* _Record excerpts_
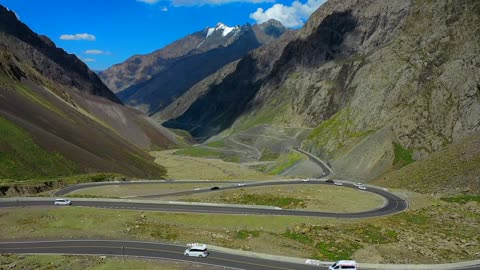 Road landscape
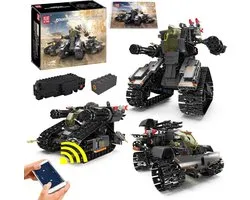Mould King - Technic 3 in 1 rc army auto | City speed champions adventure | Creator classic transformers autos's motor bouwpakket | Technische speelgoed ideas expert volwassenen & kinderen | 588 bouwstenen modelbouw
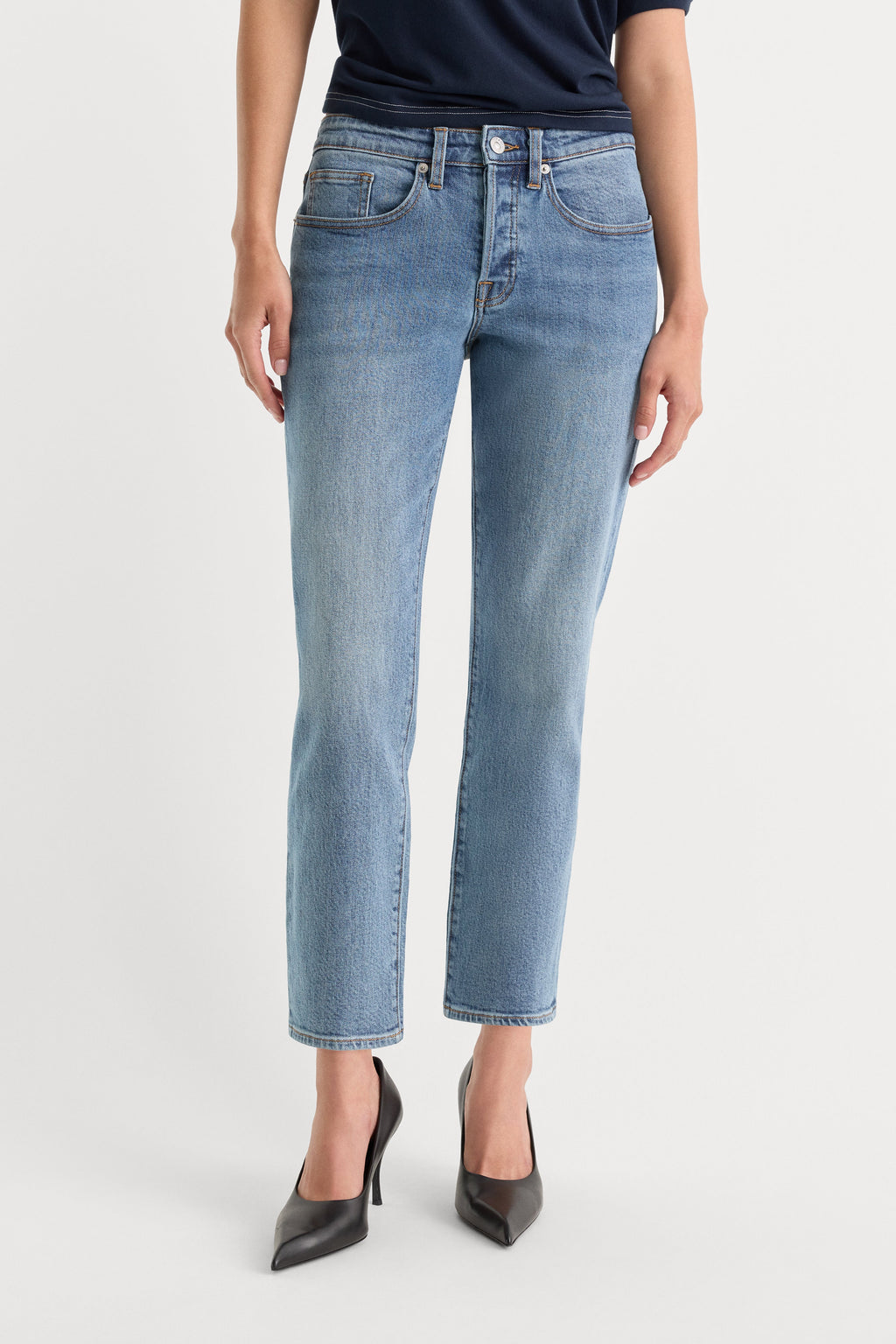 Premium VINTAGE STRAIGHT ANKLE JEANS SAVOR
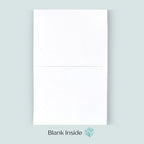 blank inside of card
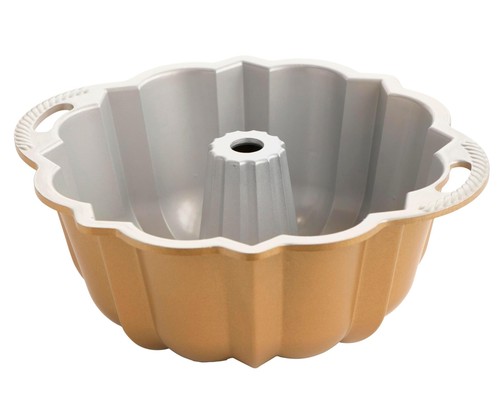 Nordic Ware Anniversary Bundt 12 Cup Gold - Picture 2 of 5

* _What the exercise asks_
Please reproduce nothing but the lines from the one containing "blank inside of card" through the closing line of the listing, retyped word for word, pictures excluded.

* _Response below_
 blank inside of card
 Nordic Ware Anniversary Bundt 12 Cup Gold - Picture 2 of 5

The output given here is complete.